My question is about adverbials that end in –é and that are in comparative degree, like ‘többé’ and ‘kevésbé’. For example: ‘Laci nem él itt többé’. Why is it not possible to say here: ’Laci nem él itt több*et*’...?

Also, in the following example: ’Nekem az kevésbé bonyolult’ (I find this less complicated). I would have thought that ’kevesebben’ would be right here but apparently this is correct.

When do you use the forms ending in -é as opposed to the ’normal’ ones (for lack of a better word).

Thank you!


----------



## AndrasBP

Hello Lazar,

"Többé" + "a negative verb" means "not anymore", as a time adverbial. However, in colloquial Hungarian it is often substituted by "többet". Still, "Laci nem él itt többet" sounds odd. With other verbs, it sounds better but it's hard to explain why.

_Laci nem jár oda többé._ - Laci doesn't go there any more. (slightly literary version)
_Laci nem jár oda többet._ - (more colloquial)

In your example, the most common version would leave out "többé/többet" altogether and use "lakik" instead of "él", if you mean "Laci doesn't live here (at this address) any more":
_Laci már nem lakik itt.



Lazar_Bgd said:



			I would have thought that ’kevesebben’ would be right here but apparently this is correct.
		
Click to expand...

_"Kevesebb*en*" means "fewer people", its opposite is "több*en*". The endings *-an/-en* create a "collective numeral":

Ma _kevesebben _vannak, mint tegnap. = There are _fewer people_ today than yesterday.
Tegnap _többen _voltak. = Yesterday there were _more people_.
_Ketten/hárman/négyen/sokan_ vagyunk. = There are _two/three/four/many of us_.


----------



## Lazar_Bgd

Dear AndrasBP,

Thanks a lot! Now I get it.
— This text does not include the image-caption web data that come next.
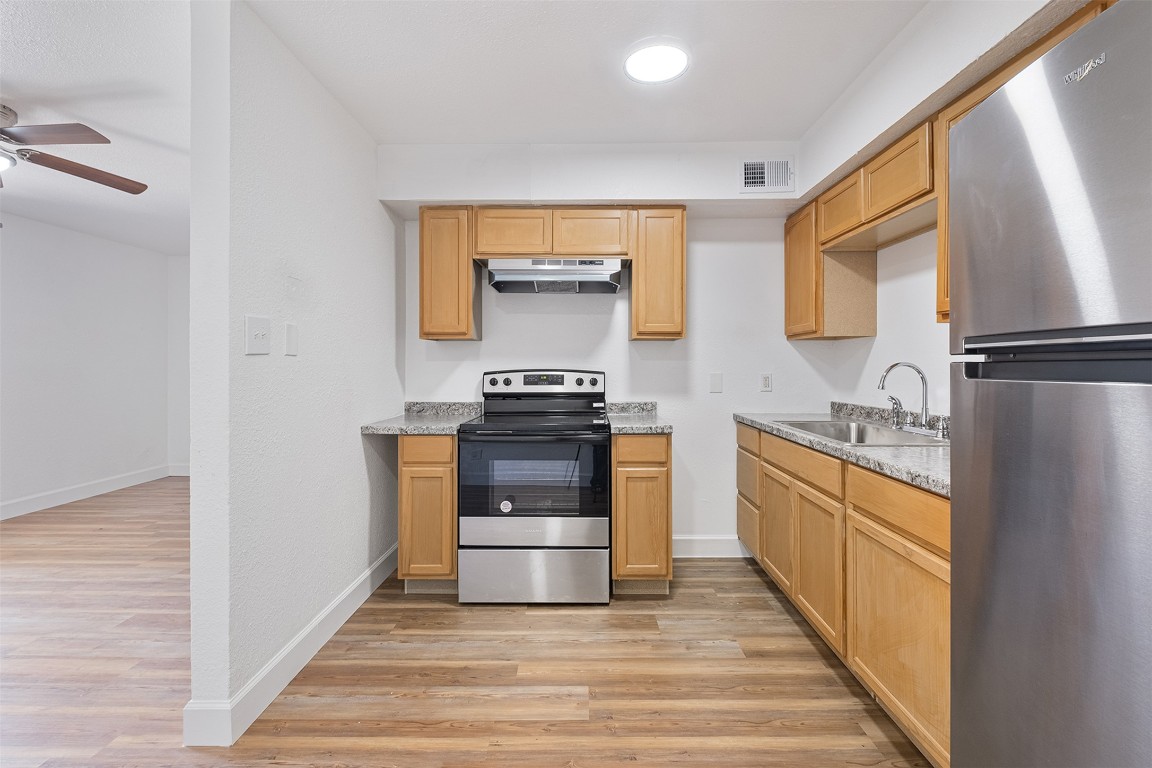 2217 Mission Hill Drive, Unit C Austin, TX 78741 - Photo 8 of 17 a kitchen with granite countertop a refrigerator and a stove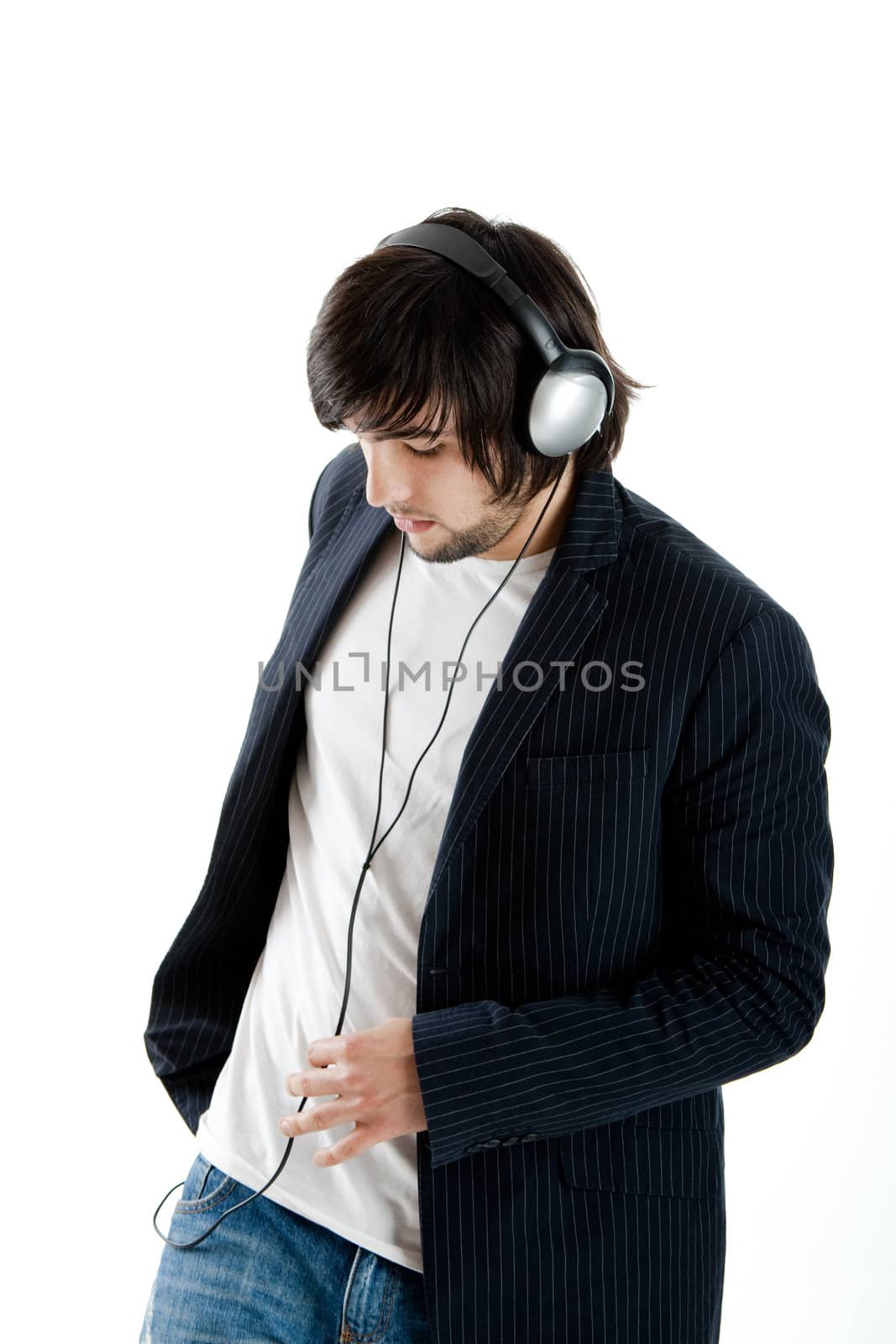 Young Man listening to music with headphones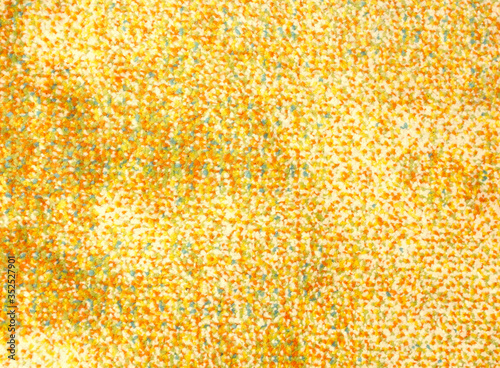 Seamless close up of monochrome yellow carpet texture background from above.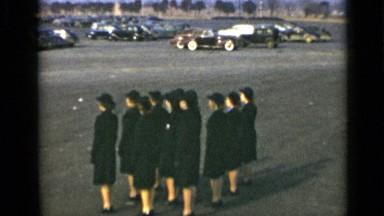 1947: group of uniformed women belonging to organization marching in synchrony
I knew that 'sokan' and 'ketten' refer to the number of people but I didn't draw a parallel with 'kevés'. It makes sense.


----------



## AndrasBP

You're welcome.

I'd like to add that "kevesen" is "few people" while "keves*ebb*en" is "few*er* people", a comparative form.

Good luck with learning Hungarian!

PS: I don't know if it's relevant to you, but Hungarian usage in Vojvodina may differ slightly from my "Budapest dialect".


----------



## Lazar_Bgd

Thank you! Yes, I know, but I am lucky to have a teacher from Budapest. Still, some questions can only be answered on a forum like this!


----------



## francisgranada

Only for curiosity:_ többe*t* _is grammatically the accusative of _több, _thus it's principally an adjective, while _többé _is an adverb. So I think that  ’Laci nem él itt többe*t*’  practically stands for  "’Laci nem él itt több _éve*t*/napo*t*/idő*t*/etc_ ..."  (Well, this comment doesn't help too much in practice, I know ....)


----------